**WORK ITEM**: With the pictures excluded, output only the lines from the one containing "Image of Portable" through the last line of the entries, unchanged.

Records drawn from a dataset:
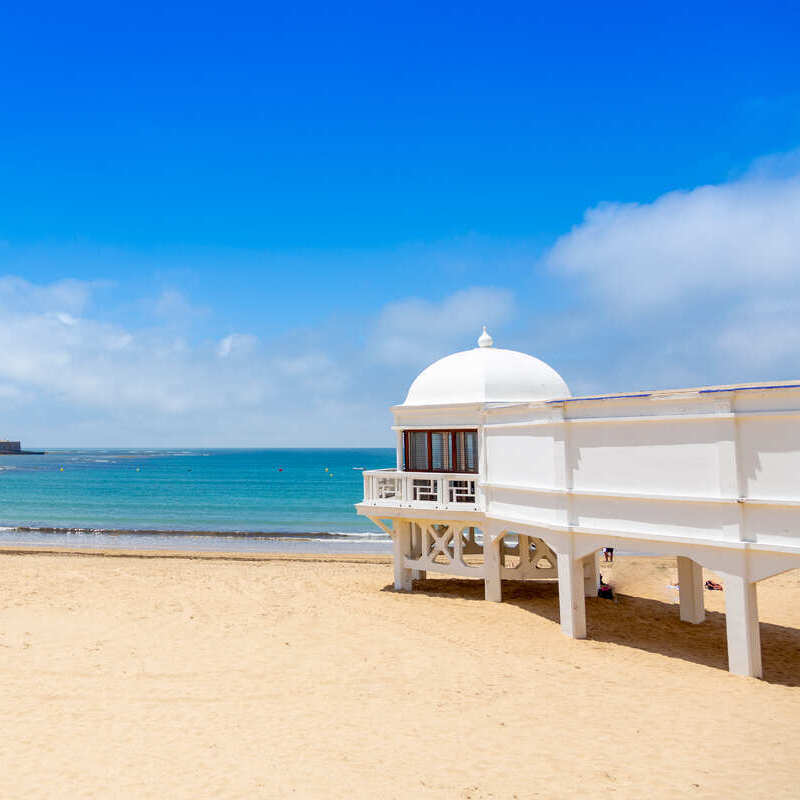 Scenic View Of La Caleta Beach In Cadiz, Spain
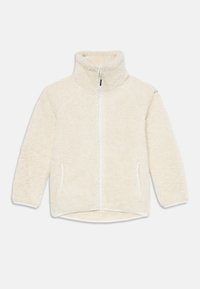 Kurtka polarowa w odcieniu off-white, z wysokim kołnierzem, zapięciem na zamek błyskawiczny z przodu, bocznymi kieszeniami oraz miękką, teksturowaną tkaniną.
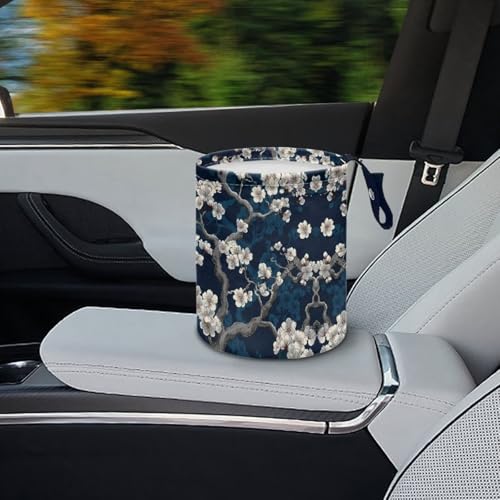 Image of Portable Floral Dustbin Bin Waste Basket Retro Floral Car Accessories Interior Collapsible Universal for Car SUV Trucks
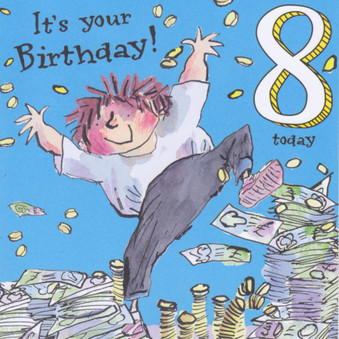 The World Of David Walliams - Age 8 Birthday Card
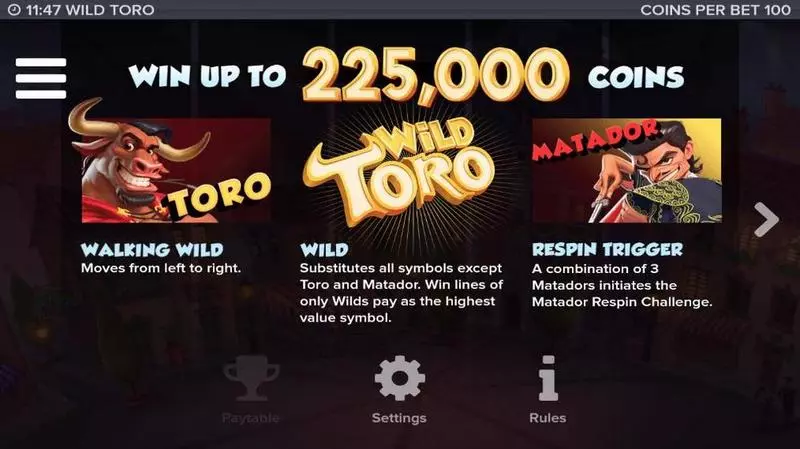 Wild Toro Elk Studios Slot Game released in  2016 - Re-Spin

**ANSWER BOX**:
 Image of Portable Floral Dustbin Bin Waste Basket Retro Floral Car Accessories Interior Collapsible Universal for Car SUV Trucks
 The World Of David Walliams - Age 8 Birthday Card
 Wild Toro Elk Studios Slot Game released in  2016 - Re-Spin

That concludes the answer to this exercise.